[Exercise instructions]: Copy each entry precisely as written, and do not carry over the pictures.

++++ Extracted entries

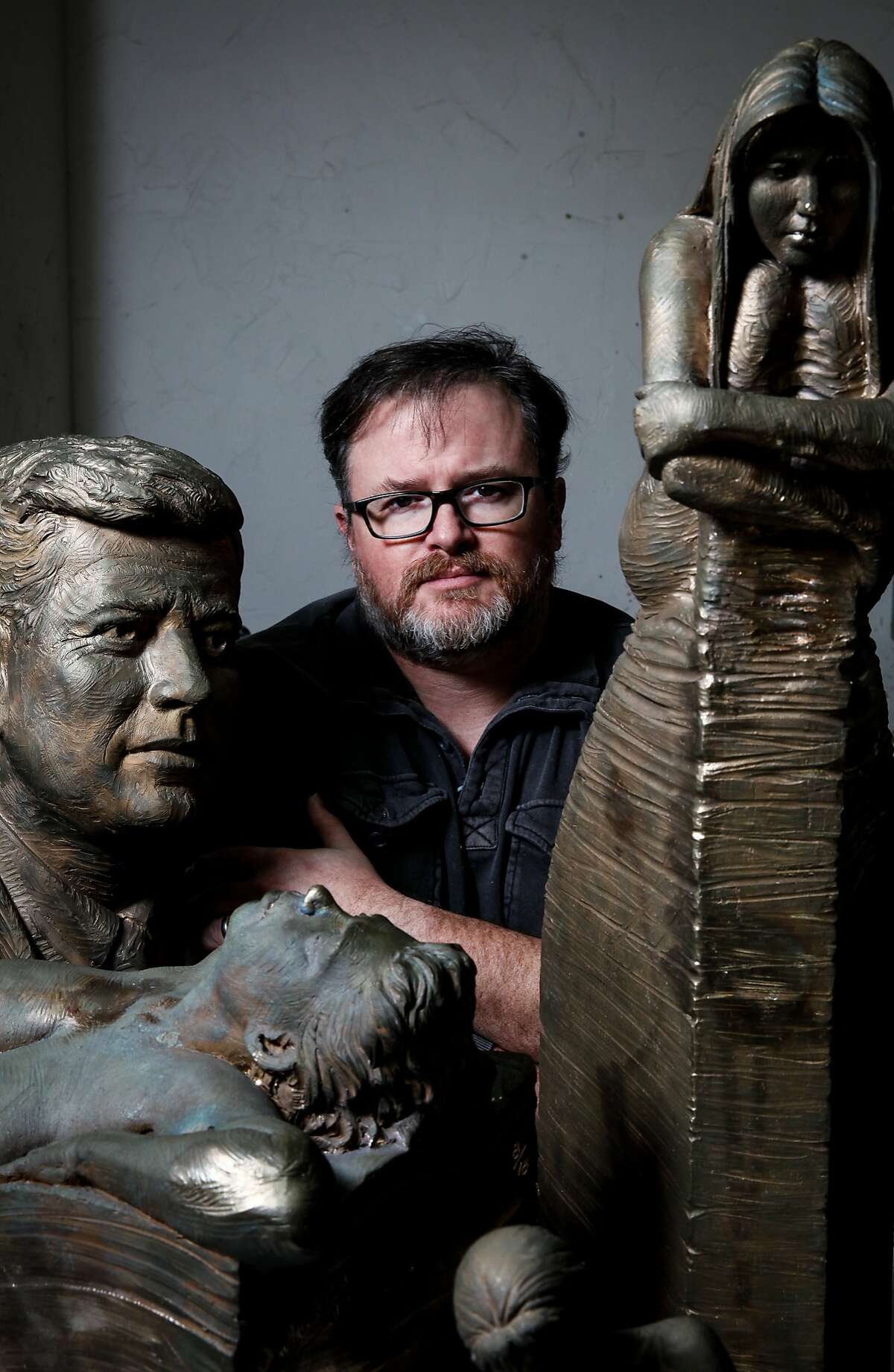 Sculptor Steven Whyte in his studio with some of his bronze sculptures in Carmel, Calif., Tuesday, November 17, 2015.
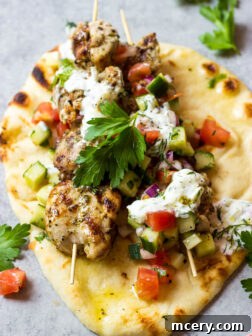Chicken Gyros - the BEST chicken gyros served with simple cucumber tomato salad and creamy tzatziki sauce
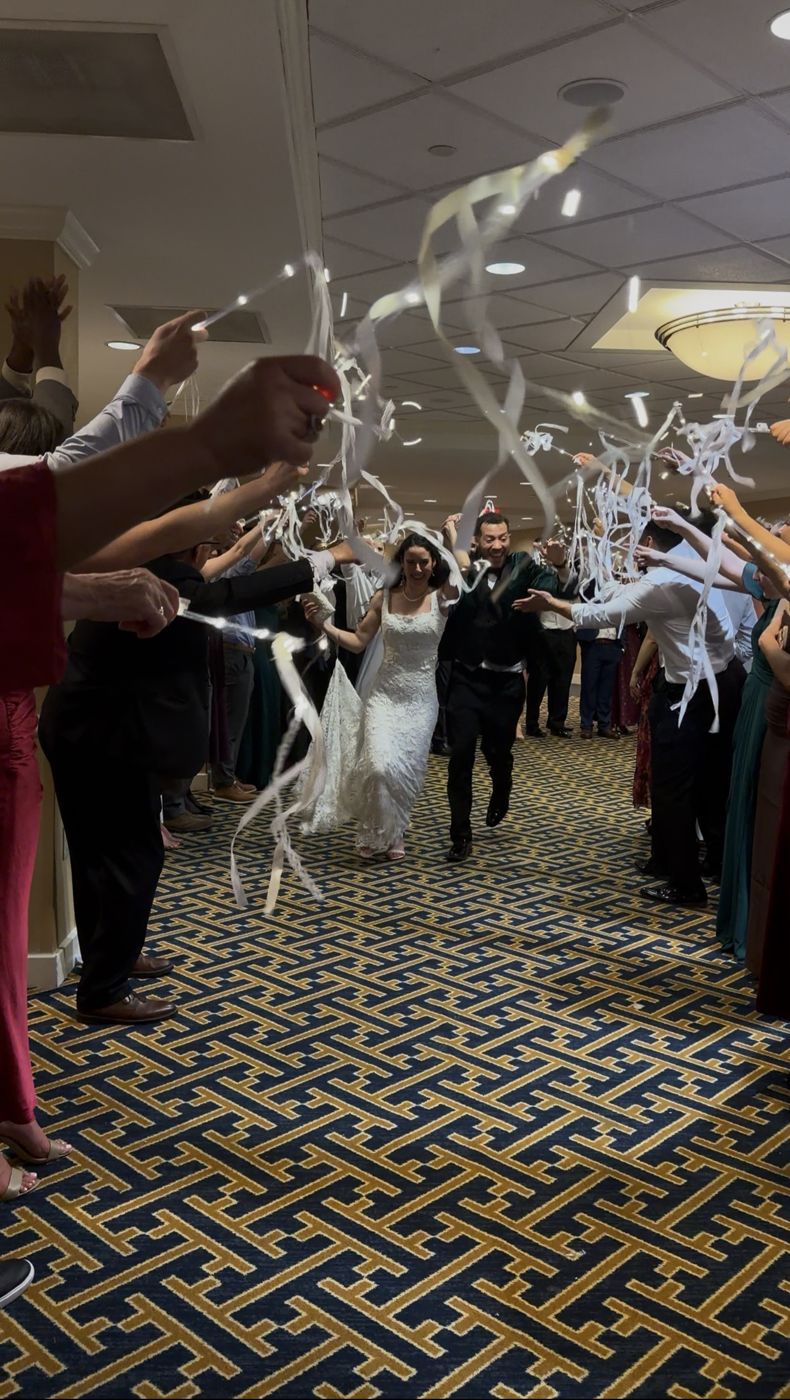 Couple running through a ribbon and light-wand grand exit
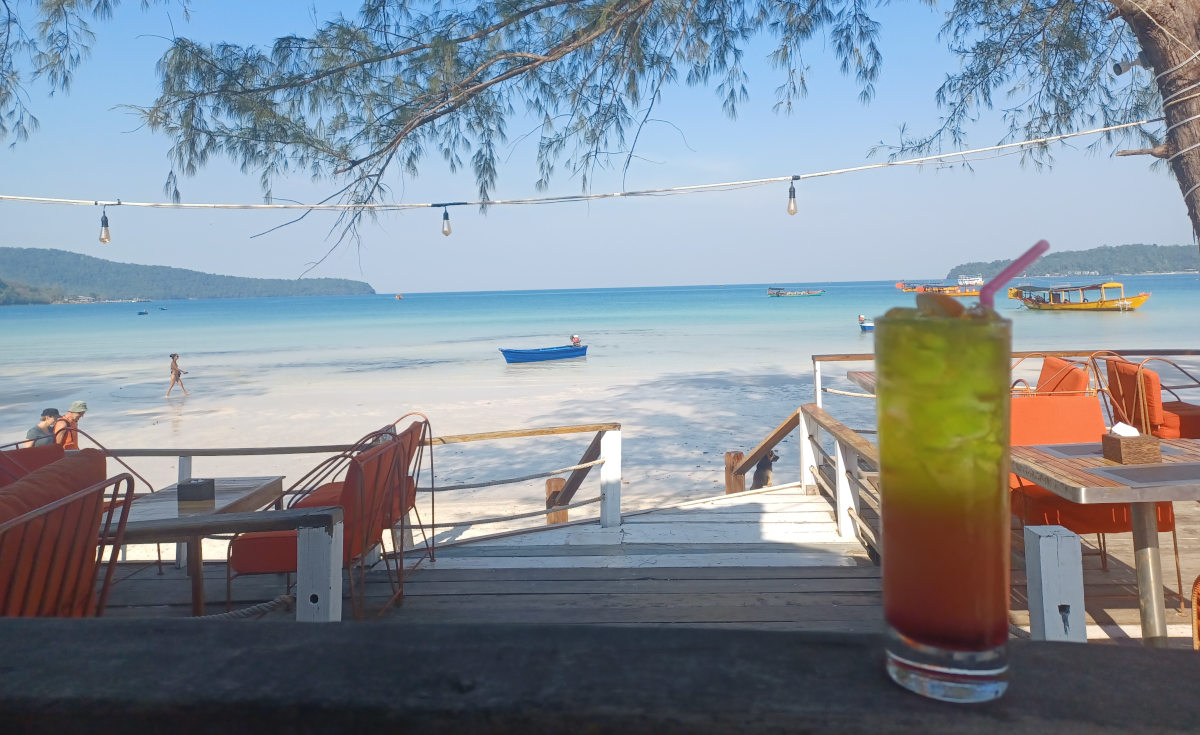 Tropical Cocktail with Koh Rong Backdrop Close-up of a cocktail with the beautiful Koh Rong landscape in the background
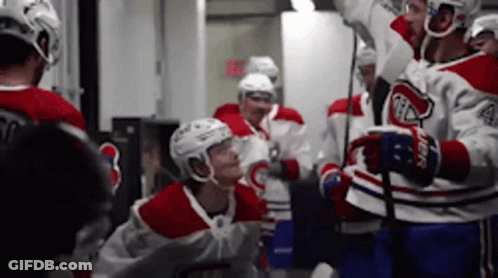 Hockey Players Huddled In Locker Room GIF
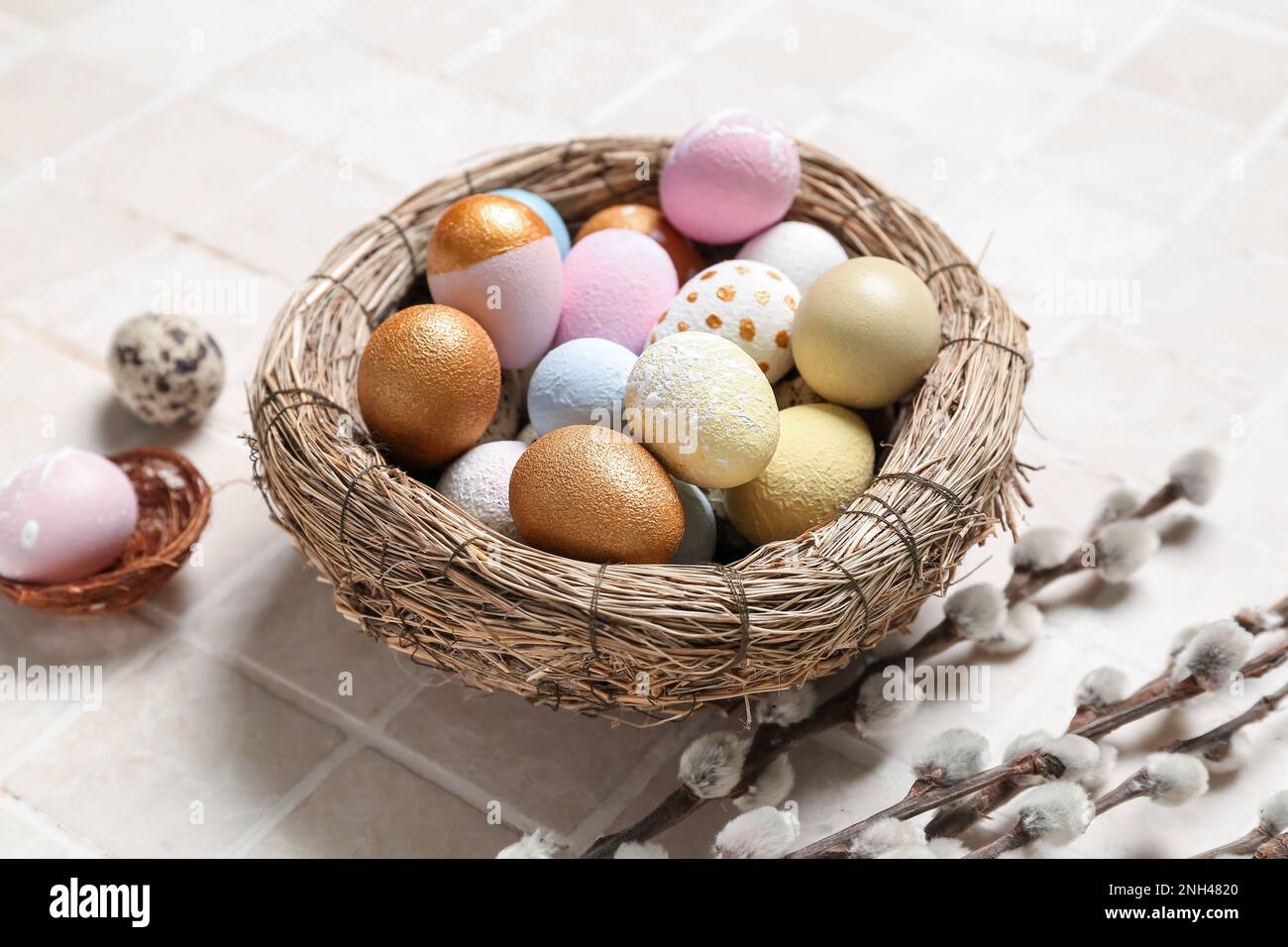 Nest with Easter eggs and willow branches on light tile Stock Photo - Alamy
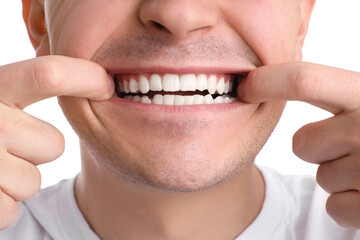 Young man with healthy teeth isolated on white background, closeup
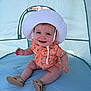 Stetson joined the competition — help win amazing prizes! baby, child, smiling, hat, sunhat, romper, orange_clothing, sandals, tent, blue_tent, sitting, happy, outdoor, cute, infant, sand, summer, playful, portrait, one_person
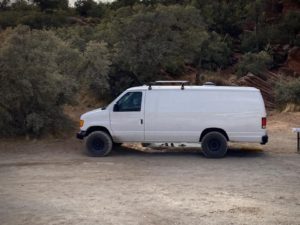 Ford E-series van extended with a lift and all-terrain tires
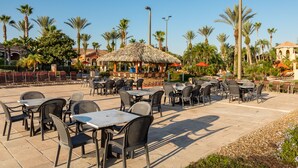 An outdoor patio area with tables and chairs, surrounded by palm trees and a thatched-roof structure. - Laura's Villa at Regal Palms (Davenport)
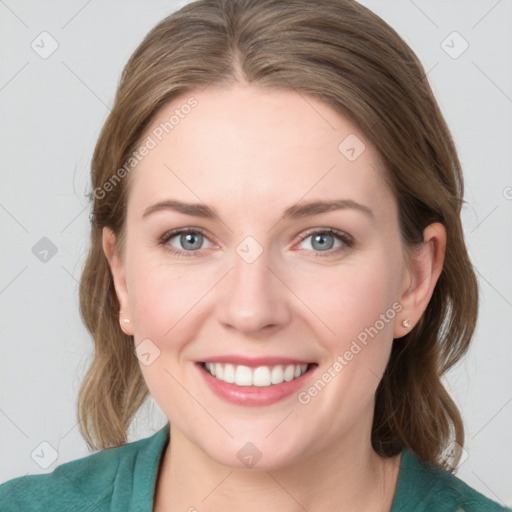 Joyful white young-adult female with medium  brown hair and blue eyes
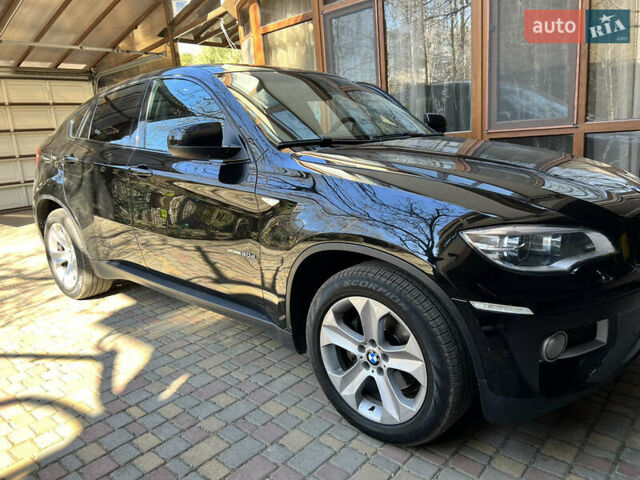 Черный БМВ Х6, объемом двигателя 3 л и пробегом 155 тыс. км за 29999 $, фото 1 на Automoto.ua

++++++++

[Reply]:
 Sculptor Steven Whyte in his studio with some of his bronze sculptures in Carmel, Calif., Tuesday, November 17, 2015.
Chicken Gyros - the BEST chicken gyros served with simple cucumber tomato salad and creamy tzatziki sauce
 Couple running through a ribbon and light-wand grand exit
 Tropical Cocktail with Koh Rong Backdrop Close-up of a cocktail with the beautiful Koh Rong landscape in the background
 Hockey Players Huddled In Locker Room GIF
 Nest with Easter eggs and willow branches on light tile Stock Photo - Alamy
 Young man with healthy teeth isolated on white background, closeup
 Stetson joined the competition — help win amazing prizes! baby, child, smiling, hat, sunhat, romper, orange_clothing, sandals, tent, blue_tent, sitting, happy, outdoor, cute, infant, sand, summer, playful, portrait, one_person
 Ford E-series van extended with a lift and all-terrain tires
 An outdoor patio area with tables and chairs, surrounded by palm trees and a thatched-roof structure. - Laura's Villa at Regal Palms (Davenport)
 Joyful white young-adult female with medium  brown hair and blue eyes
 Черный БМВ Х6, объемом двигателя 3 л и пробегом 155 тыс. км за 29999 $, фото 1 на Automoto.ua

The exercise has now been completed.